According to Gateway KSA, their influencers do more than just ride camels and explore deserts.

"They (for the most part) engage with locals. Chat to them about daily life, culture, events, the future, food, pop culture… they have discussions on political issues, social practices and laws," Gateway KSA wrote in one caption on Instagram.

According to Bloomberg, Gateway KSA does not "have a direct relationship with the government." The publication pointed out that some sponsors include state-controlled companies such as Saudi Telecom, Saudi Basic Industries, and Saudi Arabian Airlines.

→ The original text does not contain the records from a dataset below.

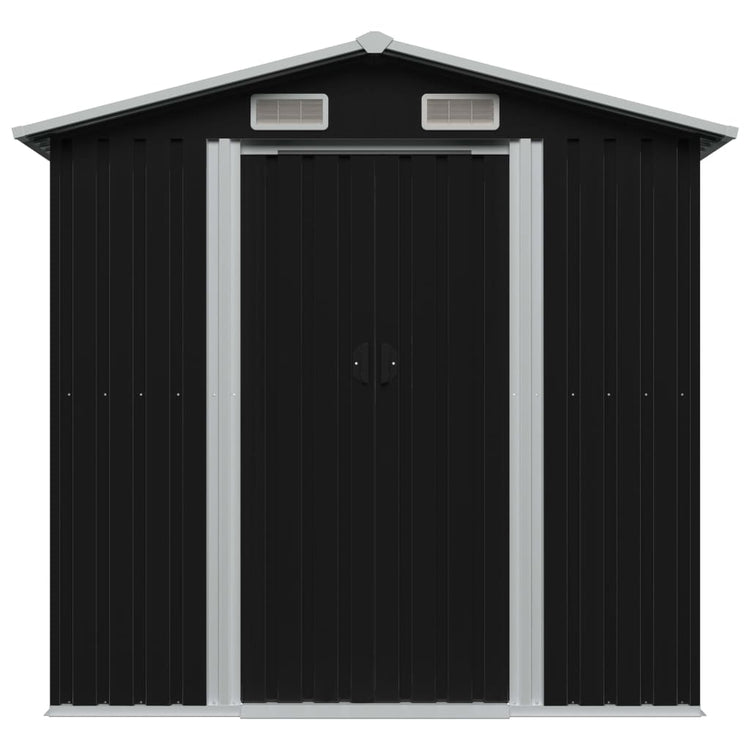 Vidaxl hangar de jardin 204x132x186 cm anthracite en acier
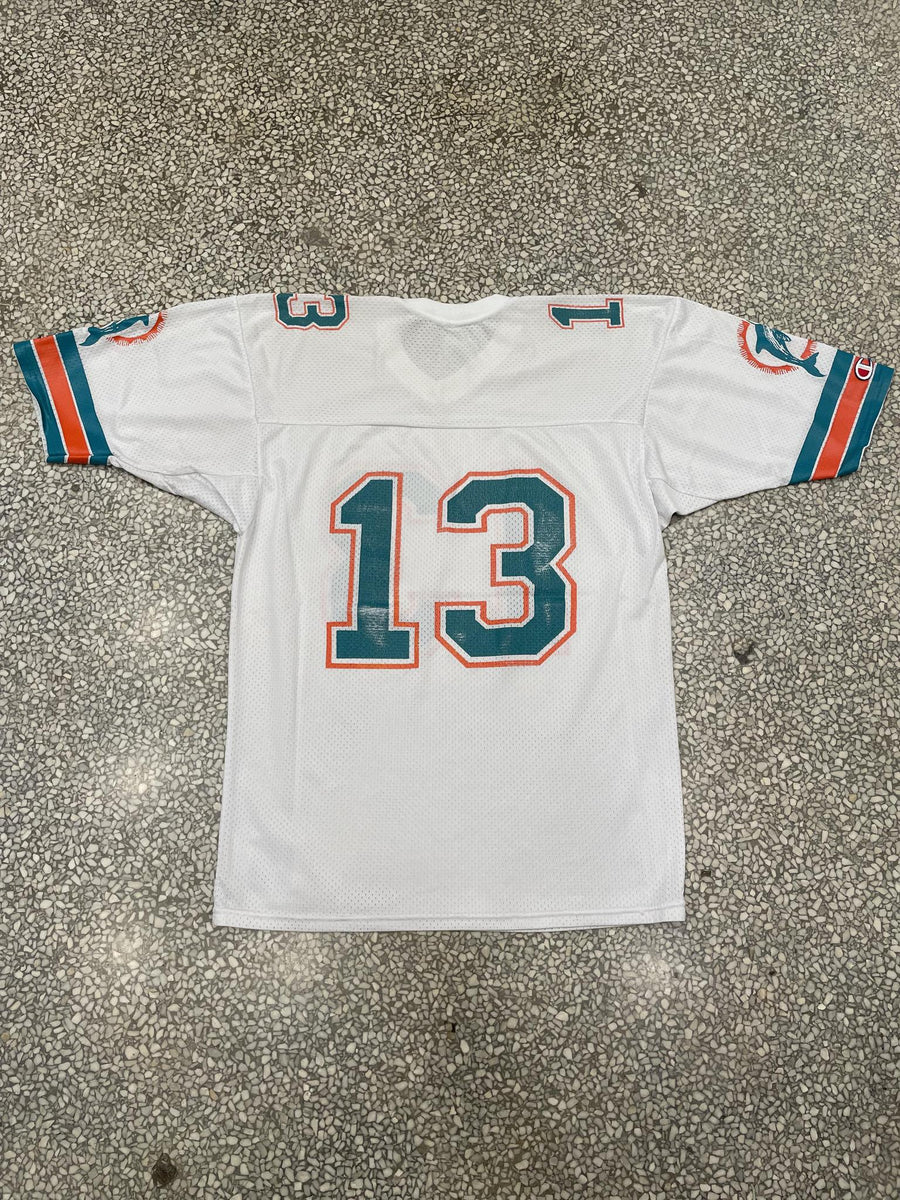 Dan Marino #13 Vintage Miami Dolphins NFL Football BLACK Jersey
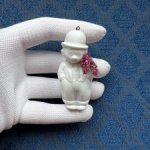 Антикварная фигурка с поворотной головой (ноддер) - 6,6 см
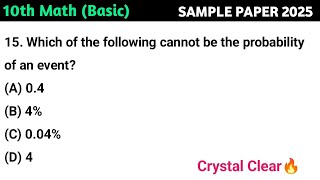 Which of the following cannot be the probability of an event? (A) 0.4 (B) 4% (C) 0.04% (D) 4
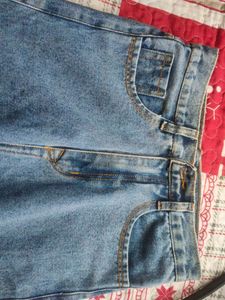 Light Wash Cargo Jeans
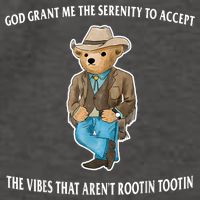 God Grant Me The Serenity To Accept The Vibes That Aren’t Rootin Tootin Vector Backpack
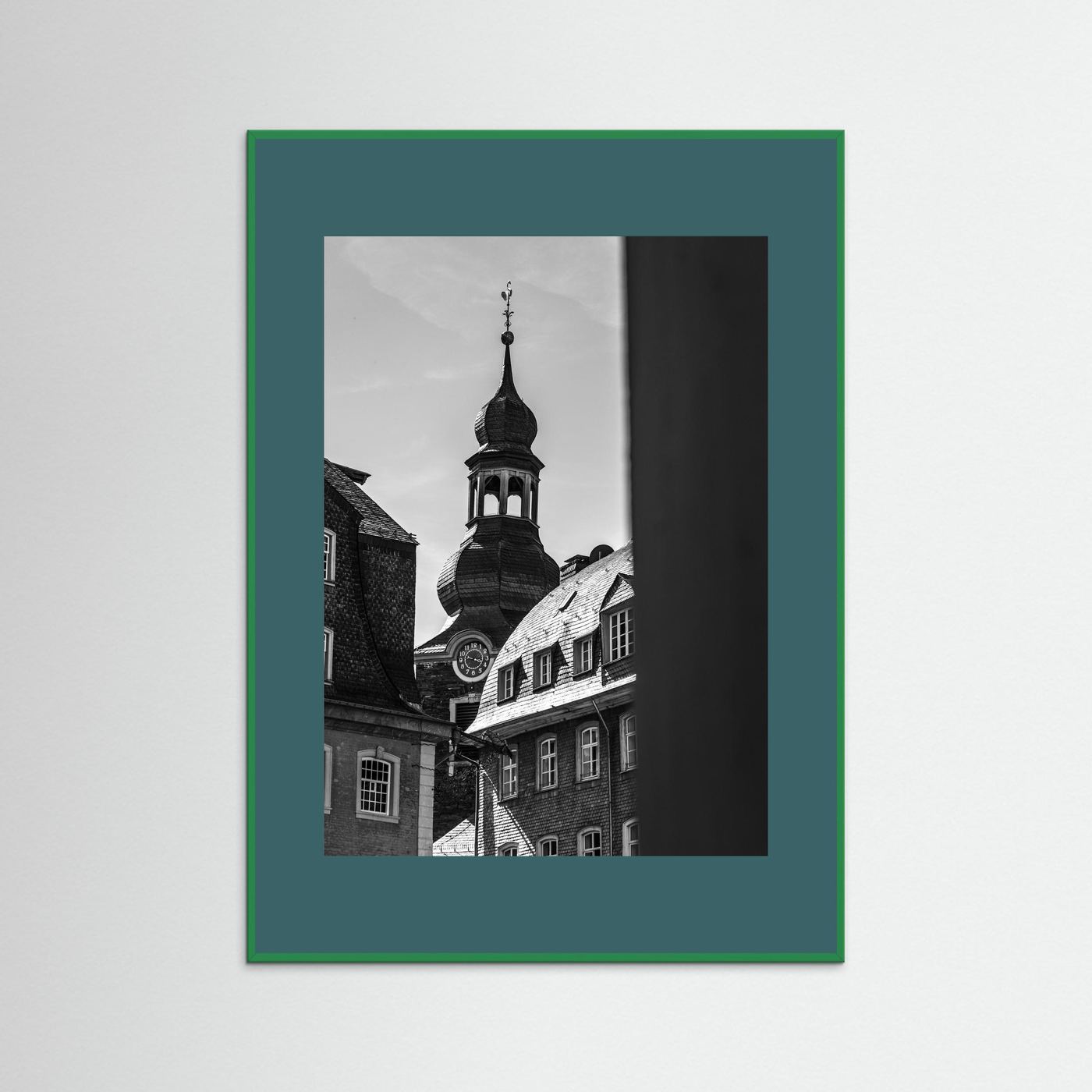 Oude kerk in Monschau in Duitsland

"It [Gateway KSA] is not a propaganda exercise," Prince Turki said, explaining that influencers are free to post and say whatever they want.

"It's simply a human engagement exercise," he added.

A key goal under Vision 2030 is to increase the number of tourists who visit Saudi Arabia and revenues generated from the sector to 18 percent in the next 14 years. Under the same scheme, Saudi Arabia is expected to host up to 1.5 million tourists by 2020. It's true that much of that number comes from religious tourism, but that doesn't mean effort hasn't been put into the growth of the leisure tourism sector.

Though this hasn't been officially announced by government officials, but last month, Arab News reported that industry sources confirmed there would be an event titled "Saudi Arabia opens to tourism" later this month. It aims to showcase the country's tourist attractions. The government has said its plans "hadn't been finalized yet," according to Bloomberg. Tourist visas have been in the making for quite some time and underwent a trial period between 2008 and 2010.

In 2017, some Saudi travel agencies – classified in category D – were given the authorization to begin issuing travel visas. Formerly, visas were only available to pilgrims, business people with a local sponsor, and family members of residents.

On top of making travel to the country more accessible, Saudi Arabia has been putting time and resources into transforming the kingdom into a tourism hotspot. The kingdom is currently working on developing its Red Sea coast into a luxury beach destination governed by "independent laws." The project aims at transforming Saudi Arabia's Red Sea coastline into a global hub for tourists, with luxury hotels and pristine beaches. Construction work on the project began earlier this year. The first phase is expected to be completed by the end of 2022 including the development of hotels and luxury residential units, as well as all logistical infrastructure including air, land, and sea transport hubs.